Ob Personalabbau, Fusion oder Sitzverlegung – viele Fälle der Unternehmensveränderungen gehen mit Entlassungen einher. Kann eine Mehrzahl von Entlassungen nicht ausgeschlossen werden, ist das gesetzliche Konsultationsverfahren durchzuführen. Der Respekt vor diesem Verfahren ist gross. Zu Recht. Doch richtig genutzt, bringt es dem Unternehmen viele Vorteile.

Befassen sich Arbeitgeber mit einer anstehenden Unternehmensveränderung, die auch Vertragskündigungen zur Folge hat, so wird nicht selten zu Beginn relativ viel gedankliche Arbeit darauf verwendet, wie das gesetzliche Konsultationsverfahren vermieden werden könnte. Ein Fehler, der das Unternehmen später allenfalls teuer zu stehen kommt. Vielmehr sollte die Vorarbeit in die gute Planung des Verfahrens investiert werden.

Chance nutzen

Etwas vereinfacht ausgedrückt verlangt das Konsultationsverfahren vom Arbeitgeber nichts anderes, als dass er vor seiner definitiven Beschlussfassung der drohenden Massenentlassung (oder Massenänderungskündigung) die Belegschaft über den geplanten Schritt informiert und dieser die Gelegenheit gibt, Vorschläge zu unterbreiten, wie die Entlassungen vermieden werden könnten.
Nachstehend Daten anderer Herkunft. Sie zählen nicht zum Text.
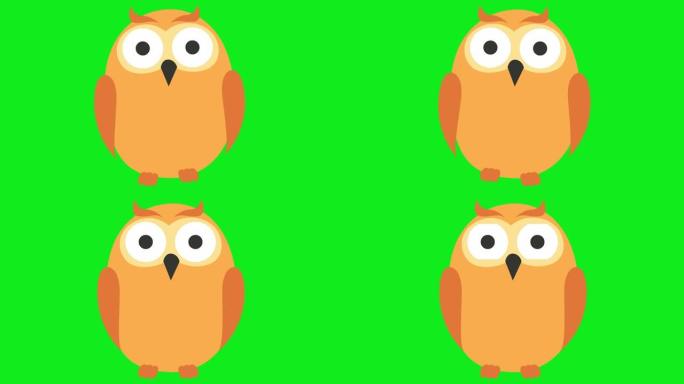 动画有趣的猫头鹰。循环视频。矢量插图孤立在绿色背景上。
Im Vorteil sind jene Unternehmen, die eine gewählte Arbeitnehmervertretung haben. In diesem Fall, ist nämlich die Arbeitnehmervertretung Ansprechpartner des Konsultationsverfahrens. Wo keine Arbeitnehmervertretung besteht, muss die ganze Belegschaft informiert und zur Konsultation aufgefordert werden, was zuweilen zu unklaren Situationen führen kann. Diese gesetzlich auferlegte Vorlaufzeit zwingt den Arbeitgeber zu kommunizieren. Und zwar im Sinne einer echten Kommunikation, also zweiseitig.

Am Anfang steht die Informationsvermittlung über die geplanten Schritte. Die Mitarbeitenden resp. die Arbeitnehmervertretung werden im gleichen Moment aufgefordert, sich Gedanken zu machen, mit welchen Massnahmen die drohenden Kündigungen verhindert werden könnten. Dazu setzt der Arbeitgeber eine Frist an. Wie lange diese Frist sein muss, ist gesetzlich nicht geregelt. Es empfiehlt sich, zwei bis drei Wochen Zeit zu geben. Danach muss aber nochmals eine Zeitspanne eingeplant werden, innert welcher die Unternehmensleitung die eingereichten Vorschläge ernsthaft prüft.
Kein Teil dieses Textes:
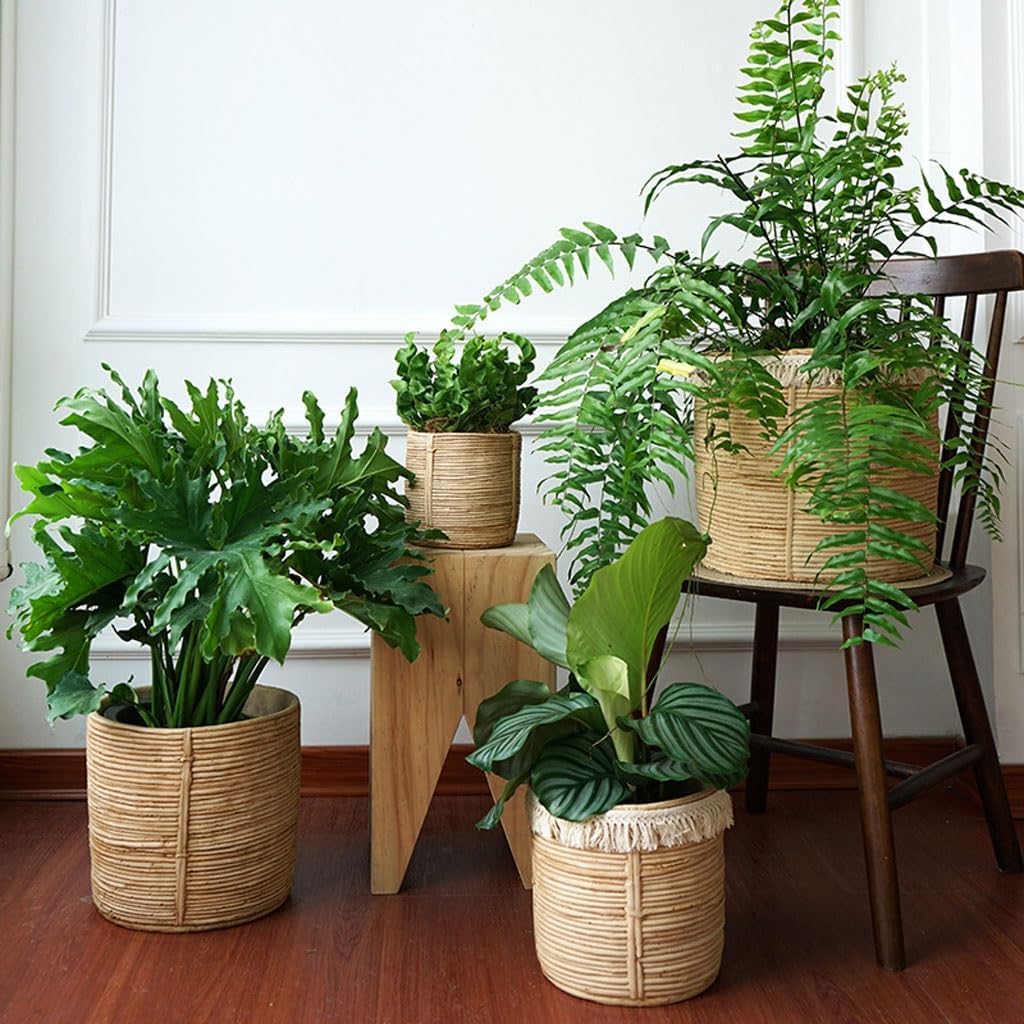 GUERNSEY Planters Woven Cement Flower Pots for Living Room Simple Interior Cement Flower Pots Suitable for Herbs and Flowers with Drainage Nursery Pots (Size : Medium)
Die Konsultationsfrist ist also nur jene Zeit, innert welcher die Arbeitnehmerseite Vorschläge einreichen kann. Die Dauer des gesamten Konsultationsverfahrens ist länger, da dazu auch noch die Prüfungsfrist durch die Geschäftsleitung eingerechnet werden muss. Die Zeitplanung ist also aus juristischer Sicht wichtig. Mindestens genauso wichtig ist aber die Kommunikationsplanung in dieser Zeit. Denn führt man sich vor Augen, wie lange sich Geschäftsleitungen schon mit einer möglichen Massenentlassung im Vorfeld beschäftigt haben, wird schnell klar, dass dies nicht in einer viertelstündigen Mitarbeiterinformation vermittelt werden kann.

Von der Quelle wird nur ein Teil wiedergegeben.